Dallas Post Tribune
- Type: Weekly newspaper
- Owner: Post Tribune Publishing Company
- Founder: Bert C. Muse
- Publisher: Shirley Gray
- Founded: 1947
- Language: English
- Headquarters: 2726 S. Beckley Avenue, Dallas, TX
- Website: dallasposttrib.com

= Dallas Post Tribune =

African American newspaper in Dallas-Fort Worth area of Texas

The Dallas Post Tribune is an African American weekly newspaper published in Dallas. It is distributed throughout the Dallas–Fort Worth area, it is among the largest black owned print publications in North Texas.

== History ==
The Dallas Post Tribune was originally created in 1947 in Tyler, Texas by Bert C. Muse. Before taking its current name, the newspaper operated under previous titles including the Tyler Morning Tribune and The Dallas Star Post. According to the print media experts Echo Media, the Dallas Post Tribune currently holds the title of being the largest black-owned newspaper in the northern Texas area.

Fred J. Finch Jr., a Dallas attorney affiliated with the Post Tribune in the 1980s, went on to found The Dallas Examiner, with a focus on a racially diverse audience, quality journalism and savvy business management. Finch retained an ownership stake in the Post Tribune.

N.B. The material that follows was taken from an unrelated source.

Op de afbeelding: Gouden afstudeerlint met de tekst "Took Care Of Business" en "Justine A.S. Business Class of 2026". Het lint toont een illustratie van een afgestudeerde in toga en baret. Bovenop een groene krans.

== Coverage and editorial style ==
Published every Thursday, the paper focuses on local African American community affairs. Media scholars have noted that during the 1990s, the publication featured traditional coverage for a Black weekly, emphasizing church announcements, local organization news, resident achievements, and commentary on civil rights issues alongside general local news.